Scott lets another one slide

It was all too familiar for Adam Scott.

For the fourth year in a row he had a chance late in the British Open, but a late collapse sealed his fate.

After 10 holes of the final round, the former world No.1 had surged to a share of the lead, going out on the Old Course in a sizzling 31 and making birdie on 10 to be six under on the round and 15 under for the tournament.

An hour or so later he sat at 10 under and once again without the coveted Claret Jug, five shots out of the playoff in a tie for 10th.

While a bogey on the par-5 14th hurt, an inexplicable missed one-foot par putt on the 15th completely threw away his chances.

Another bogey on the 17th and a double bogey to finish after driving the ball out of bounds dropped him further back.

Scott bogeyed the final four holes to cough up a four-shot lead in 2012 at Royal Lytham and St Annes, and was also inside the top five in 2013 and 2014 without claiming victory.

“It’s hard to digest it all at the moment. But I probably needed a really good back nine, and I had a really poor back nine,” Scott said.
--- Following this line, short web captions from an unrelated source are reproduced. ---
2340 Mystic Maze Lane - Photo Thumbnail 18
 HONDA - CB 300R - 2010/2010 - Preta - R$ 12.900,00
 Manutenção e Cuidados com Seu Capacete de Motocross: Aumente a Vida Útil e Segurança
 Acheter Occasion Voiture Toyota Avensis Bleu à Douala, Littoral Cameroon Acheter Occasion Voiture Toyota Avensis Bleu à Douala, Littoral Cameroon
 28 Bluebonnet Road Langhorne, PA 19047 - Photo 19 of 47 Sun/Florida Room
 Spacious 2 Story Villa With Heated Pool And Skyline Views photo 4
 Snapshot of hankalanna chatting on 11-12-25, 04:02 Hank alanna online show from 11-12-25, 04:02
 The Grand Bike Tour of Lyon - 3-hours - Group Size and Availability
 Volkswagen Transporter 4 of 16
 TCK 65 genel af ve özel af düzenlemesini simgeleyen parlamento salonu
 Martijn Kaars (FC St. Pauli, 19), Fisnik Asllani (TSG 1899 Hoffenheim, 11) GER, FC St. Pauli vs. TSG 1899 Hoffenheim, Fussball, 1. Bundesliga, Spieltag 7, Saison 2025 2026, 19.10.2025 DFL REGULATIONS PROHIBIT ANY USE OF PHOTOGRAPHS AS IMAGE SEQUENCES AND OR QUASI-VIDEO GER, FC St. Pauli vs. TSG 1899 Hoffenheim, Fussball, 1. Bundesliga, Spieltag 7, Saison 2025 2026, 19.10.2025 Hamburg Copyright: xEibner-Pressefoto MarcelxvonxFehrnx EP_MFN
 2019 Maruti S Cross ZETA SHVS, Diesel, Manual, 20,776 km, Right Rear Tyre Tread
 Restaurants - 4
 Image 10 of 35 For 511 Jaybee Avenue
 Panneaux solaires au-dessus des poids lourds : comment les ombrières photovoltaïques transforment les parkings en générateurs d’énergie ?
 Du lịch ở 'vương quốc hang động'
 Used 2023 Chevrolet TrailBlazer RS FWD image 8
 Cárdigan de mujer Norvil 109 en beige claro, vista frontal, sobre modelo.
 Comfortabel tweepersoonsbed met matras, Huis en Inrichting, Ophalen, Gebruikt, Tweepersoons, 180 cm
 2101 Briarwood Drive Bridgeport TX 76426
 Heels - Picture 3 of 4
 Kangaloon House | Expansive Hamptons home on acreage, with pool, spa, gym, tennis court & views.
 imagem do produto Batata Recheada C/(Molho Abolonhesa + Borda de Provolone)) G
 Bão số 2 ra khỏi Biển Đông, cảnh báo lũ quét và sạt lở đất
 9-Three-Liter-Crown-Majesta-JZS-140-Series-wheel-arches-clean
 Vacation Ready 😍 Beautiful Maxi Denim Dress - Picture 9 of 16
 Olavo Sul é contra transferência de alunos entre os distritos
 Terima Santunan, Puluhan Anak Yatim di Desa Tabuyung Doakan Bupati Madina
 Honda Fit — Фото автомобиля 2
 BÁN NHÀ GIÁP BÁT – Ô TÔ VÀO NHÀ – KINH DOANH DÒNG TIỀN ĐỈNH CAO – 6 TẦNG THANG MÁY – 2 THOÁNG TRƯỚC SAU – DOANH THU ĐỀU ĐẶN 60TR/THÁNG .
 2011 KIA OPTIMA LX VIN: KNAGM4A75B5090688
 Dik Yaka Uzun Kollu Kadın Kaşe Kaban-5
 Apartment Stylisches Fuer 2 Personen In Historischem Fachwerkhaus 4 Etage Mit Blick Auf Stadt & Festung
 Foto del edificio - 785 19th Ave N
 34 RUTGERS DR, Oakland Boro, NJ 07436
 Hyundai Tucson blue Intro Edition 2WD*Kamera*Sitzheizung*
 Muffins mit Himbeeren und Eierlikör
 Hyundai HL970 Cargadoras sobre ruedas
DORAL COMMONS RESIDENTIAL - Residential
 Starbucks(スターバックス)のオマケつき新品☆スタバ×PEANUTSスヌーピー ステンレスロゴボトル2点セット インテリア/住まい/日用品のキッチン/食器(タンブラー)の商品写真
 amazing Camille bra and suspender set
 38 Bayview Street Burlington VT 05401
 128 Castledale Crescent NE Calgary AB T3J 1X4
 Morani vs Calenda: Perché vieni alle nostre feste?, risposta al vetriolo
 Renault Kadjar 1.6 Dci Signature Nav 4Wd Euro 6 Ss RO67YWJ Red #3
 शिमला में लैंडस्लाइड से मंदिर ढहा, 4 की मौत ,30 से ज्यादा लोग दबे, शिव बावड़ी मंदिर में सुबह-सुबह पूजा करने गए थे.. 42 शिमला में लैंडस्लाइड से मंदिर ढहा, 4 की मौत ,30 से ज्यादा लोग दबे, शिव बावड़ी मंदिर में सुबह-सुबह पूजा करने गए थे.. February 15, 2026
“To miss a really short putt on the next, I don’t really have an explanation for that. I just went up to tap it in from a foot and it lipped out.

“Just one of those stupid things that happens, and that really put me in a tough position to where finishing with a handful of threes was unlikely on a day like today.

“I feel like I wasn’t even in it at the moment. The back nine was going to play tough, and I was going to have to go pretty much mistake free, I thought, to shooting maybe par or one under, and I was far from that in the end.

“It’s a tough finish, and I just didn’t execute the last five holes.”